There has been talk of closing loopholes and preventing major corporations from paying no income tax. There has also been a release by 11 Swiss banks telling what Americans have been hiding money offshore. The tax on the rich ,who have been accumulating money at an enormous rate, are part of the solution, not all of it.

Your admonition in reality translates to “when in a hole, dig slightly slower”. With deficit, your income is less than your outlays. That means going into debt. Debt that needs to be repaid. Which means that next year, your outlays will be that much more, while your income won’t be. Which leads to higher deficit.

ANY deficit at all is a recipe for disaster with the amount of debt we have. “Cure” would be to have surpluses.
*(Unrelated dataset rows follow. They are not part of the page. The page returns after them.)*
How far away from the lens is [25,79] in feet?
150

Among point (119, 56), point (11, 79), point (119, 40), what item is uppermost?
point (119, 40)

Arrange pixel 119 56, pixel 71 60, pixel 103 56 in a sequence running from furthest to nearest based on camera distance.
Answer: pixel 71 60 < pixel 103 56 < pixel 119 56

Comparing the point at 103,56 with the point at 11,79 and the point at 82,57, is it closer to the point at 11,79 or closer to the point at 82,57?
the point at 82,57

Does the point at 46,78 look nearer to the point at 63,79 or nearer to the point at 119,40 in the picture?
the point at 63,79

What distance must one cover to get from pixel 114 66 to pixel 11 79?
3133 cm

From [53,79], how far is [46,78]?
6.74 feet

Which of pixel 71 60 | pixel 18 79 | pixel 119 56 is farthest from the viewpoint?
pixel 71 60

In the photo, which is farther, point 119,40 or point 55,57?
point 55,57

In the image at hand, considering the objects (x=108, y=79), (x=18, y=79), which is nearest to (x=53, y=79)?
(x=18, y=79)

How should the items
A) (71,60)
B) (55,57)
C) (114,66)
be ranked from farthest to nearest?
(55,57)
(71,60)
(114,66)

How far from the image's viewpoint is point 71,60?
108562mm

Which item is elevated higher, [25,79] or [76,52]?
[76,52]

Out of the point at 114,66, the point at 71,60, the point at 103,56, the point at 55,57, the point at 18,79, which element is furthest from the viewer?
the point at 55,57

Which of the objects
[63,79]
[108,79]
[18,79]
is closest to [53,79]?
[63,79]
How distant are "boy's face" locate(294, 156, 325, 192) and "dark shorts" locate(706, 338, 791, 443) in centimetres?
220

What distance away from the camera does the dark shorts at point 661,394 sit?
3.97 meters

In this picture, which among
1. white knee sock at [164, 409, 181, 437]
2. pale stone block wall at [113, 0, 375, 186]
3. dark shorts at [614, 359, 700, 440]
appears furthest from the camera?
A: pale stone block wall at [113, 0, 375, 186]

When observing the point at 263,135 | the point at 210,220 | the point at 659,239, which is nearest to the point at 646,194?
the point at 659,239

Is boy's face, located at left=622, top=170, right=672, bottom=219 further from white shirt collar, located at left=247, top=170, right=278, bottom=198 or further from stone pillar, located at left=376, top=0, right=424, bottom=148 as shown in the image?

Having deficits is anything but “the cure”.

We have gotten to the absurd point in our history when reduced rate of increases in the government, or in budgets, or in social programs is spun (and accepted by most people, for some weird reason) as “cuts”. Which is exactly what reducing the deficit is - it is reducing the rate of increase of the debt.
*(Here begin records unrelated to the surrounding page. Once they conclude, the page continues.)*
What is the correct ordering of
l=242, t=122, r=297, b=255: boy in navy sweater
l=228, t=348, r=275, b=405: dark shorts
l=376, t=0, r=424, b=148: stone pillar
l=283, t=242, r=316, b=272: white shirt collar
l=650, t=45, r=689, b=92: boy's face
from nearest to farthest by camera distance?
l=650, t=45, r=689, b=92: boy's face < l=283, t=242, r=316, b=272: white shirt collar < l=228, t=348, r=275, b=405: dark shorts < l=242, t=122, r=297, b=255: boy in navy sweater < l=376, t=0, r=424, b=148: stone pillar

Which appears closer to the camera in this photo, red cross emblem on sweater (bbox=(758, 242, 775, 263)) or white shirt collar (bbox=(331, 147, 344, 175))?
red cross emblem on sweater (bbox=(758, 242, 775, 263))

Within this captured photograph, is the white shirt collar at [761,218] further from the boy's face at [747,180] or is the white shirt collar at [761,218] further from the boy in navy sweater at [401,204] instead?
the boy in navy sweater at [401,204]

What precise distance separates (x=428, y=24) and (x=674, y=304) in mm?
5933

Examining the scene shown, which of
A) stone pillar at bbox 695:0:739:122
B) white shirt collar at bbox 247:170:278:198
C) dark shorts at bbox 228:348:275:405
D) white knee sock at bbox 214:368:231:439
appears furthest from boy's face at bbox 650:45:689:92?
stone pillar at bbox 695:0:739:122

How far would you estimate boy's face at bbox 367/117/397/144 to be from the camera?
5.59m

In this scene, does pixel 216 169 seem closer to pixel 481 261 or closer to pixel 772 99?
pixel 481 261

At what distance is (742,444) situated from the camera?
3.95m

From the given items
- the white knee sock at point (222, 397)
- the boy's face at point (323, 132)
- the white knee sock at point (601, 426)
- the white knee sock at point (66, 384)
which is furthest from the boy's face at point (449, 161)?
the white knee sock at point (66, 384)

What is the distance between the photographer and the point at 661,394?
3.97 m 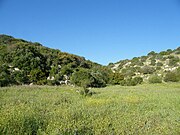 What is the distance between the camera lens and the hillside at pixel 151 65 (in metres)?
41.8

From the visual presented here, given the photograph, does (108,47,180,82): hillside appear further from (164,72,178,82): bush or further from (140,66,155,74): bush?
(164,72,178,82): bush

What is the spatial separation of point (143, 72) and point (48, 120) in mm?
37842

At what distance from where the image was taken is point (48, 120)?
6613mm

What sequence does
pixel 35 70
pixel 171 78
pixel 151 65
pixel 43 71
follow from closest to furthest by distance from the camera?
pixel 35 70 < pixel 43 71 < pixel 171 78 < pixel 151 65

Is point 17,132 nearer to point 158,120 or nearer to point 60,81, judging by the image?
point 158,120

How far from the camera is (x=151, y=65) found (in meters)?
46.1

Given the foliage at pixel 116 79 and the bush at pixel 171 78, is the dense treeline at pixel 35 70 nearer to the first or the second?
the foliage at pixel 116 79

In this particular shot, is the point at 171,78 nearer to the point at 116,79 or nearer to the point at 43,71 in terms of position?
the point at 116,79

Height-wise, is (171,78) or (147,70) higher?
(147,70)

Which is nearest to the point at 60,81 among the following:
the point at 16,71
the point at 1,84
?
the point at 16,71

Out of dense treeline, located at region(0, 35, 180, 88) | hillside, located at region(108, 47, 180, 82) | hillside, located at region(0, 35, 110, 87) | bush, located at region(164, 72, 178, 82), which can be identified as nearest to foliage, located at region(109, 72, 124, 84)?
dense treeline, located at region(0, 35, 180, 88)

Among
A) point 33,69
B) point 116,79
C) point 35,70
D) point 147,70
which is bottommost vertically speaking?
point 116,79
As a lefty, I’ve always had a nostalgic amusement for old-style leftism. I’ve spent many a happy hour listening to Trotskyists belabor Leninists and, Goddess preserve us, Stalinists. Of course, it helps if both participants have a Jewish heritage and exemplify the tradition of ferocious argument over arcane distinctions. We didn’t have video games back then. Abacus games, sure, but the graphics really sucked.

What strikes me most about the phrase is exactly that, it harkens to another era. Its like appealing to the “John Birch” element of the GOP, but Shirley they are all dead by now?

Unless, of course, the people using it now are so unlettered and uneducated that they don’t even know that its “old-timey”? Considering the average American’s unsullied innocence about the labor movement in America, I suppose that’s possible.

Maybe if they start referring to Obama as a revolutionary cadre inciting the dictatorship of the proletariat? That would be…interesting.

Karl Marx…nothing
Engels nothing
Bakunin and Kropotkin nyathing
Leon Trotsky lots of nothing
Stalin… less than nothing

The Fugs

Although I think Obama sincerely believes that taxes should be raised on these rich people, I’m sure there’s a political element involved here where he is daring the GOP to object. The “class warfare” label is, while technically correct, probably not going to get much traction with the electorate. And although the details haven’t been disclosed yet, this tax seems like a version of the AMT (although I don’t quite understand while the existing AMT doesn’t apply and do the job just as well).

I heard Linsey Graham on one of the talk shows today pretty much dodging the question about whether he would support this tax by saying he wanted broader tax reform.

Absolutely dishonest. The tax on the rich is only part of the solution. That was the point . Who said the tax on the rich would be enough to balance the budget? Not I. Not the Prez. Not the Democratic party.
Any deficit is a recipe for disaster is complete idiocy. What cartoon universe do you live in? The last time deficits were ended ,it was Clinton who did it and Bush who destroyed it. You want adults in charge, vote in Dems. You want people who work for amassing money and power in the hands of the Plutocrats, vote Repub. That is who they work for, the party that says deficits don’t matter.

Ignoring for a moment that I don’t feel this is an accurate comparison, do you not agree that absent any other solutions, digging slower would help?

OK, assuming those categories are all independent:
Minorities: 27.6%
Women: 50.7%
Gays: Less precise figures are available, but let’s be conservative and call it 5%
Poor: Again, let’s be conservative and restrict this just to the poverty line. That makes it 14.3%
Other groups: This is poorly defined, of course, but let’s just say college students (about 4%) and non-Christians (24%).

Put it all together, and you find that Democrats are representing only 79% of the country, leaving that 21% of Real Americans nowhere to turn but the Republicans.

“Class warfare” has about as much validity as the bullshit term “job creators.”